The new cruise industry strategy will seemingly favour the luxury and ultra-luxury cruise lines that operate smaller cruise ships. Indeed, the fabled island of Bora Bora will now be off-limits to all but those vessels.
It’s about sustainable development
Tahiti Tourisme say the move is part of a new cruise industry strategy that will ensure “sustainability and inclusive development” of tourism in French Polynesia. The number of turnaround cruises (voyages that start or end) in Tahiti has doubled in the last 10 years. Cruising was worth USD167-million to the local economy in 2019, with more than 40,000 cruise passengers visiting French Polynesia.
Bora Bora off limits
Also in 2019 the municipality of Bora Bora expressed concerns about the size of visiting cruise ships. After discussions with the municipality, now only 1,200 cruise passengers per day can visit. Tahiti Tourisme have told us it shows a desire to preserve the beauty of its lagoon as well as the quality of service for which Bora Bora has become famous.
It’s worth noting that the new industry strategy will preference cruise lines based in French Polynesia. In particular those operating vessels with fewer than 700 guests. The 330- guest Paul Gauguin operated by Ponant and the 230-guest Aranui will be obvious beneficiaries.

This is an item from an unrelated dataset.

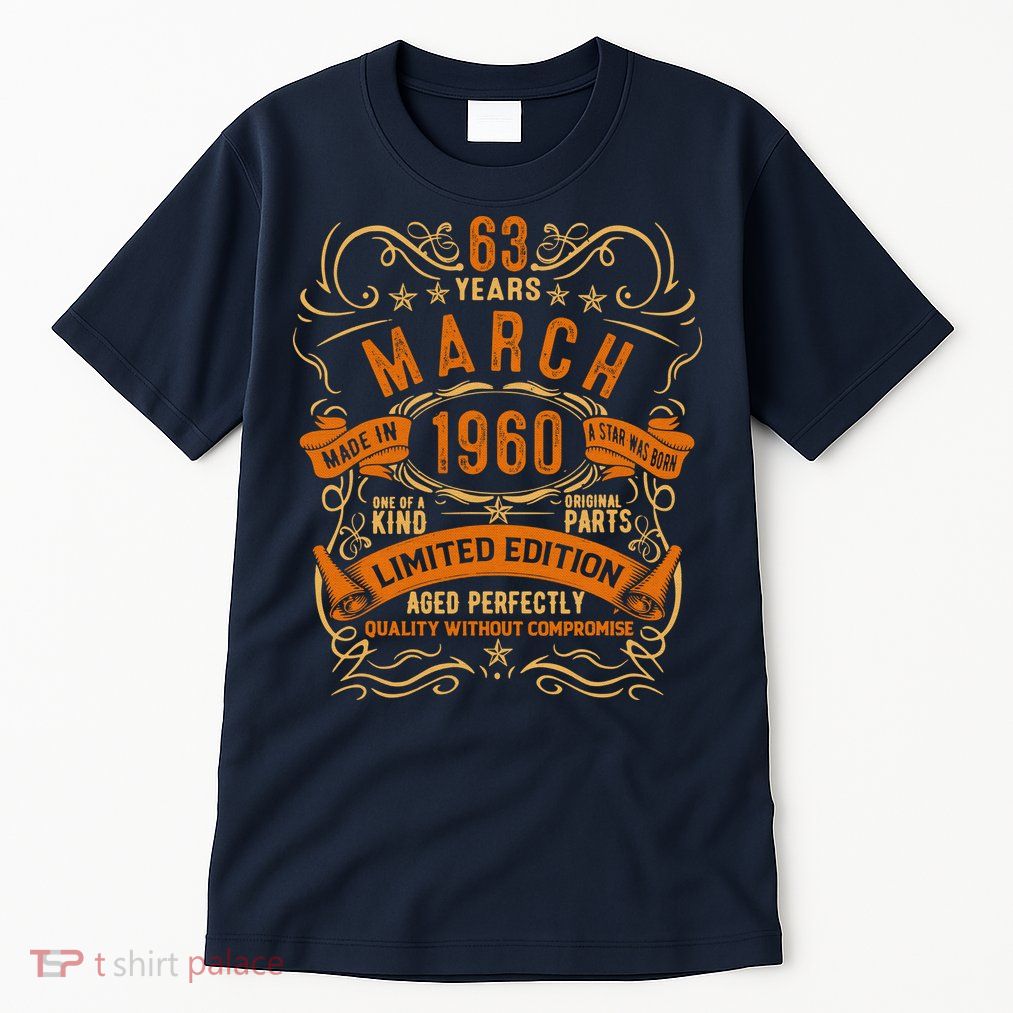 Vintage 63th Birthday March 1960 Birthday Tall T-Shirt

Tahiti ban large cruise ships deemed as ‘not suited’
Moreover, the updated industry rules will now only permit voyages to commence or conclude in Tahiti if a vessel carries fewer than 2,501 guests. Larger vessels up to 3,500 guests can cruise French Polynesia, but not turnaround. However, cruise ships with more than 3,500 passengers will not be welcome. A statement from Tahiti Tourisme said: “they are not suited for our destination”.